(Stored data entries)

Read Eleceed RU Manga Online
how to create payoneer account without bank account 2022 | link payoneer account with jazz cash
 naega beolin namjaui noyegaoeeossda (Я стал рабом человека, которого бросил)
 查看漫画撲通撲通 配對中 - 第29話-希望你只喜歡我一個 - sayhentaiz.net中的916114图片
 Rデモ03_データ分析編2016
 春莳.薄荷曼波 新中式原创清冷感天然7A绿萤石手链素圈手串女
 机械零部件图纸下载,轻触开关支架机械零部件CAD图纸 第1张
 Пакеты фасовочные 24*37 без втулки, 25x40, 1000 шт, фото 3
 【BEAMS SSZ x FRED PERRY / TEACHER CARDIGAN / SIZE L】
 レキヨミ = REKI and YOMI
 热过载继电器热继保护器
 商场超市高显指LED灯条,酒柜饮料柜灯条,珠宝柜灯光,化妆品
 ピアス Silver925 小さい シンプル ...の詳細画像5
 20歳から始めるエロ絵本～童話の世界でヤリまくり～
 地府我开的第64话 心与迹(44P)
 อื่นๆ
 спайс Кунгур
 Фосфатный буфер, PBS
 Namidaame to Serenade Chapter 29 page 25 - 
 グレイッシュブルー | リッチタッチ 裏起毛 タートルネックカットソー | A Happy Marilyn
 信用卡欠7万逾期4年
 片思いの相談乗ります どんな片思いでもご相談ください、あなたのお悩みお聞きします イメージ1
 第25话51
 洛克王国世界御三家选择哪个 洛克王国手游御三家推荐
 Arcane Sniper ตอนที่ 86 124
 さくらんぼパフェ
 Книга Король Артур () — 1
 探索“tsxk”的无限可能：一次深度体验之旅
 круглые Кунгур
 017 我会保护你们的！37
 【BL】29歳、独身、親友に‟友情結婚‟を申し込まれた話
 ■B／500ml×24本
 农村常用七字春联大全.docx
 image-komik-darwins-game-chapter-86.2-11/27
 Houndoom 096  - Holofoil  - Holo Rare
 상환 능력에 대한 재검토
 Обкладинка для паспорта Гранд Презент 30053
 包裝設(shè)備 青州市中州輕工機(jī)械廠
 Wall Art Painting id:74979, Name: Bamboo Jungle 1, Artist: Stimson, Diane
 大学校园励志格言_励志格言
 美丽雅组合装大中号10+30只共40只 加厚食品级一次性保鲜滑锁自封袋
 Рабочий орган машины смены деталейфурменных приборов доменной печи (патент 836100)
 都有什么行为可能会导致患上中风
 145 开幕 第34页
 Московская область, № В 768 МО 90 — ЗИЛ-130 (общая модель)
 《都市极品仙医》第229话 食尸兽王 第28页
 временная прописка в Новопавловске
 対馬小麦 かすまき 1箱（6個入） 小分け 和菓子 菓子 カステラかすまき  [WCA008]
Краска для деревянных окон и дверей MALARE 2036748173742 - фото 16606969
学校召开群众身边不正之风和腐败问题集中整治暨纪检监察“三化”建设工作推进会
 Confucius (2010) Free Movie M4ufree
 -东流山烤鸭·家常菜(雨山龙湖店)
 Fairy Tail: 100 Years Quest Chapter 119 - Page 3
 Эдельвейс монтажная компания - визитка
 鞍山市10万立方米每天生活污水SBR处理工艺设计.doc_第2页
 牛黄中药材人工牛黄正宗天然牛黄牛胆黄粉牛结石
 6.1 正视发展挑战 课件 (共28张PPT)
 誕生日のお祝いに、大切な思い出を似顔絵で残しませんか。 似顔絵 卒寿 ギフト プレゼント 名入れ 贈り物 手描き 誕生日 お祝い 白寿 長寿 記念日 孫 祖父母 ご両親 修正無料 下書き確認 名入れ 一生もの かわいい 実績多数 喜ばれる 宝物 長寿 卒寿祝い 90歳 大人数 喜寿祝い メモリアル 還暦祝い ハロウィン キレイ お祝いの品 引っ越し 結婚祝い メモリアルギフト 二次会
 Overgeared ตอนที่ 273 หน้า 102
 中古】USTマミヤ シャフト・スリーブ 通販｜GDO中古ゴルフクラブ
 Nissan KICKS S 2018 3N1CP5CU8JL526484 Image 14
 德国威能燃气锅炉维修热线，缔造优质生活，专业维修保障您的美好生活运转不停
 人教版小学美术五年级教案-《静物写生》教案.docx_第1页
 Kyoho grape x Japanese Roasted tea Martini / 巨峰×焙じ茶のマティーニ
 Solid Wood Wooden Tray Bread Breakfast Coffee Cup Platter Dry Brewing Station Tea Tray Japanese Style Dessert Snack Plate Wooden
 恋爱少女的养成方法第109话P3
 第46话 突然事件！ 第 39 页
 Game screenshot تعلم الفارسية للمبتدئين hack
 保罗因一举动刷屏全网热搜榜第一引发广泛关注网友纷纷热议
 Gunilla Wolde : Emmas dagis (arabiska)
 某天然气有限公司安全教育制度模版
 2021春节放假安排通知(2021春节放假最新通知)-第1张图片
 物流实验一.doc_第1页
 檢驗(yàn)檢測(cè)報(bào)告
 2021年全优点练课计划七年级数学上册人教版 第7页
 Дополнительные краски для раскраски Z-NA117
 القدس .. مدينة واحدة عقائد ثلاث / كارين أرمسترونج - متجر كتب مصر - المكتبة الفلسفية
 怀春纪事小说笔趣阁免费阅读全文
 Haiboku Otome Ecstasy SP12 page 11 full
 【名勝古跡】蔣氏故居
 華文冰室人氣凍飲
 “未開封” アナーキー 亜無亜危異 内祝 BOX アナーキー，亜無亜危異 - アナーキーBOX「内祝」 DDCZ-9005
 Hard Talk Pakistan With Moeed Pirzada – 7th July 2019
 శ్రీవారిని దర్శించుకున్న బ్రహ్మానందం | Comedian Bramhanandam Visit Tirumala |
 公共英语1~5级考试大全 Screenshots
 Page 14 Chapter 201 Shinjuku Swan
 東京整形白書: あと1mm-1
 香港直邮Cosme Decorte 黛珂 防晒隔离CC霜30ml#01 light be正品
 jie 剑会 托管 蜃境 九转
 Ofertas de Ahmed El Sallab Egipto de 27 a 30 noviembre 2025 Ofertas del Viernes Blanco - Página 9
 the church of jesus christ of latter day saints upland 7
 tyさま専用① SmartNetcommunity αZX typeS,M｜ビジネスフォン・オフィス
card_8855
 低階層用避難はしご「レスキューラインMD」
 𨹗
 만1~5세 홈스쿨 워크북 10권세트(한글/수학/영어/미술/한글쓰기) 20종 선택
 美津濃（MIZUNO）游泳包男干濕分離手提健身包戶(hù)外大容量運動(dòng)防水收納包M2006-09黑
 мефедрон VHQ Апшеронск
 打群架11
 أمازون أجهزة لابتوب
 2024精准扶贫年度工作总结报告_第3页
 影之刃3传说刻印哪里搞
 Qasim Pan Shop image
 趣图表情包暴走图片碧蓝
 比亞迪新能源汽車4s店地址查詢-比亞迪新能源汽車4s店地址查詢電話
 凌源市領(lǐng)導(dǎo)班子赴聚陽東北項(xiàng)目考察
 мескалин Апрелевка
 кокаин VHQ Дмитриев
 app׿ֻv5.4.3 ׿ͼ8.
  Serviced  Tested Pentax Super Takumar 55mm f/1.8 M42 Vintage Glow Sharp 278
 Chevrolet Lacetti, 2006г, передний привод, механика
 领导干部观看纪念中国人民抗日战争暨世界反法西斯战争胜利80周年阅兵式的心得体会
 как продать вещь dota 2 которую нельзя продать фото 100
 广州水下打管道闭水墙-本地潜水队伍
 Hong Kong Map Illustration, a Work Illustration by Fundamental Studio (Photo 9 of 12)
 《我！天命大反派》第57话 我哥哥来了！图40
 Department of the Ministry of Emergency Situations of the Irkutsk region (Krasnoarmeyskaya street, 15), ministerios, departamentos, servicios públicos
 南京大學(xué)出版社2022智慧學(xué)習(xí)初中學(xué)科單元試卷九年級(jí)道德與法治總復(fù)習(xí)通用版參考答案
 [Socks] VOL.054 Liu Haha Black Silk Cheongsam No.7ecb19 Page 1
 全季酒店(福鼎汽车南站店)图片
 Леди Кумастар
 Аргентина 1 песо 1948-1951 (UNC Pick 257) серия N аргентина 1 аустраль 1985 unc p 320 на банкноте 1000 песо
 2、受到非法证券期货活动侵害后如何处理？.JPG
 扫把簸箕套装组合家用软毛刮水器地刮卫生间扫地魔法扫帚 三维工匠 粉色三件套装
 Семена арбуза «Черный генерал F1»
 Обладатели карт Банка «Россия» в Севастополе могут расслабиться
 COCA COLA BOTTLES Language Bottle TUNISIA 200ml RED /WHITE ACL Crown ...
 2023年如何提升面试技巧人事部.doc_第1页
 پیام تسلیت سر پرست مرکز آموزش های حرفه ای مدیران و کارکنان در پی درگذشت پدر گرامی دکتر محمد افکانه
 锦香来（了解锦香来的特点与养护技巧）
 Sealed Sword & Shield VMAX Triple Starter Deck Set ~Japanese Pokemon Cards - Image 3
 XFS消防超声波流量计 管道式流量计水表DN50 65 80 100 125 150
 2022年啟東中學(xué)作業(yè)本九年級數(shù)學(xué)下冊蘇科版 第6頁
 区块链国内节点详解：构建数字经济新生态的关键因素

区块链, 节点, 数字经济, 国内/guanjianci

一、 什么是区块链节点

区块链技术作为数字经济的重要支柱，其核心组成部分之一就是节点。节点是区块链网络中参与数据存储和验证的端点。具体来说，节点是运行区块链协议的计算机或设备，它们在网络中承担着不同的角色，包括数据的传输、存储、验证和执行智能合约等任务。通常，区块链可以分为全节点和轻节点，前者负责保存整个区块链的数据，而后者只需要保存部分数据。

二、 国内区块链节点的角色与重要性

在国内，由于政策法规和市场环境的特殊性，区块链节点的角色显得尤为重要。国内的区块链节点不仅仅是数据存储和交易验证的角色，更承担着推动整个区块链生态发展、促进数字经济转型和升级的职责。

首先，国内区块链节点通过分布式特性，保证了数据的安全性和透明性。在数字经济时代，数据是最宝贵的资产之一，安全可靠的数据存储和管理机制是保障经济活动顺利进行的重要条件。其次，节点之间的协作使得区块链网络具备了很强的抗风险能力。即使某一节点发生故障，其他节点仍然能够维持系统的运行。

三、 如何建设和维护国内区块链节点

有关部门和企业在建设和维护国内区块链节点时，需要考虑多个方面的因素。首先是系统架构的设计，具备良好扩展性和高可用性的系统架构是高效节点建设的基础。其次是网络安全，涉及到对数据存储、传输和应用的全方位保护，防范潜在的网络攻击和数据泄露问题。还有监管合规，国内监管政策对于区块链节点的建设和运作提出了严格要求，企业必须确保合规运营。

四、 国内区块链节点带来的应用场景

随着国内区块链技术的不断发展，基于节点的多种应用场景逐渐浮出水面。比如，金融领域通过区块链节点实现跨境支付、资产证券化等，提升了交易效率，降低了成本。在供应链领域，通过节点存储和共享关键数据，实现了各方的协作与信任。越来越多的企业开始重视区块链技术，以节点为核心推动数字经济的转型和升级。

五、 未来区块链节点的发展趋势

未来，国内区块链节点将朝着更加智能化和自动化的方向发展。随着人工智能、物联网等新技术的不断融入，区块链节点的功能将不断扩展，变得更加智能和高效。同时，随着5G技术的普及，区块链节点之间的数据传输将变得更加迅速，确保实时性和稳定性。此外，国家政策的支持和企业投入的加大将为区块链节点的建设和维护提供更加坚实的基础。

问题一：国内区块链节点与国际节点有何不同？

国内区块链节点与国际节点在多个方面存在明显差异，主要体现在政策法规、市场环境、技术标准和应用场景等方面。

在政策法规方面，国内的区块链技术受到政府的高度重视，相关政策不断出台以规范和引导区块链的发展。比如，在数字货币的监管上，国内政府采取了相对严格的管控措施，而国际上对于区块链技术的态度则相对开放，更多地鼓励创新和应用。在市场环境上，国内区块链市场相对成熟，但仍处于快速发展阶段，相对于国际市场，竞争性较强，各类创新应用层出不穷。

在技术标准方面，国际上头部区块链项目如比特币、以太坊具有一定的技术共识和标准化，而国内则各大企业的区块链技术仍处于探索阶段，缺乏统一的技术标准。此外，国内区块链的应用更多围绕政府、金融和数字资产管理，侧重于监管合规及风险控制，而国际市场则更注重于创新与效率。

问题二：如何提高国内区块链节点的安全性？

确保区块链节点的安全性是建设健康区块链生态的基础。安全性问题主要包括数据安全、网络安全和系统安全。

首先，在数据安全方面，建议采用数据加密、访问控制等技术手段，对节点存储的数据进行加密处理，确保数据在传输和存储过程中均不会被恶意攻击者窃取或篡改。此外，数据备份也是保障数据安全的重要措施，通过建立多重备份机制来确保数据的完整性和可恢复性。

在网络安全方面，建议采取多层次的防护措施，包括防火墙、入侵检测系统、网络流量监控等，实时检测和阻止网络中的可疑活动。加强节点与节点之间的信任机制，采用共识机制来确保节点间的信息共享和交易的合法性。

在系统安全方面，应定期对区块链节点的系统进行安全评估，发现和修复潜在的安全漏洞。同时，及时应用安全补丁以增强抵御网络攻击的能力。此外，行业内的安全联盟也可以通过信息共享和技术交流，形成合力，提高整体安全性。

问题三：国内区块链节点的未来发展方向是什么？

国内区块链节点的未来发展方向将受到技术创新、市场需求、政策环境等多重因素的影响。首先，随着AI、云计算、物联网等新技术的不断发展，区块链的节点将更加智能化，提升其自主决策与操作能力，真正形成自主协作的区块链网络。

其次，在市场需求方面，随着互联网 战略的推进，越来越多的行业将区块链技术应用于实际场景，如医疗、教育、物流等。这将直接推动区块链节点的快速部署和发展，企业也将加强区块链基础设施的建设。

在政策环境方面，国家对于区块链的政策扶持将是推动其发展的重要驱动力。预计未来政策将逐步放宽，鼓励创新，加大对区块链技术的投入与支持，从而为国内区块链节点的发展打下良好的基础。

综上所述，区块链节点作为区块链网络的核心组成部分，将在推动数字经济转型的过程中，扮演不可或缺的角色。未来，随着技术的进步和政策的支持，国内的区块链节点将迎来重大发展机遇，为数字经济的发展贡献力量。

## The task
Could you return exactly the lines above from the line with "第46话 突然事件！ 第 39 页" to the line with "만1~5세 홈스쿨 워크북 10권세트(한글/수학/영어/미술/한글쓰기) 20종 선택", both included, and nothing else?

## Solution for this task
 第46话 突然事件！ 第 39 页
 Game screenshot تعلم الفارسية للمبتدئين hack
 保罗因一举动刷屏全网热搜榜第一引发广泛关注网友纷纷热议
 Gunilla Wolde : Emmas dagis (arabiska)
 某天然气有限公司安全教育制度模版
 2021春节放假安排通知(2021春节放假最新通知)-第1张图片
 物流实验一.doc_第1页
 檢驗(yàn)檢測(cè)報(bào)告
 2021年全优点练课计划七年级数学上册人教版 第7页
 Дополнительные краски для раскраски Z-NA117
 القدس .. مدينة واحدة عقائد ثلاث / كارين أرمسترونج - متجر كتب مصر - المكتبة الفلسفية
 怀春纪事小说笔趣阁免费阅读全文
 Haiboku Otome Ecstasy SP12 page 11 full
 【名勝古跡】蔣氏故居
 華文冰室人氣凍飲
 “未開封” アナーキー 亜無亜危異 内祝 BOX アナーキー，亜無亜危異 - アナーキーBOX「内祝」 DDCZ-9005
 Hard Talk Pakistan With Moeed Pirzada – 7th July 2019
 శ్రీవారిని దర్శించుకున్న బ్రహ్మానందం | Comedian Bramhanandam Visit Tirumala |
 公共英语1~5级考试大全 Screenshots
 Page 14 Chapter 201 Shinjuku Swan
 東京整形白書: あと1mm-1
 香港直邮Cosme Decorte 黛珂 防晒隔离CC霜30ml#01 light be正品
 jie 剑会 托管 蜃境 九转
 Ofertas de Ahmed El Sallab Egipto de 27 a 30 noviembre 2025 Ofertas del Viernes Blanco - Página 9
 the church of jesus christ of latter day saints upland 7
 tyさま専用① SmartNetcommunity αZX typeS,M｜ビジネスフォン・オフィス
card_8855
 低階層用避難はしご「レスキューラインMD」
 𨹗
 만1~5세 홈스쿨 워크북 10권세트(한글/수학/영어/미술/한글쓰기) 20종 선택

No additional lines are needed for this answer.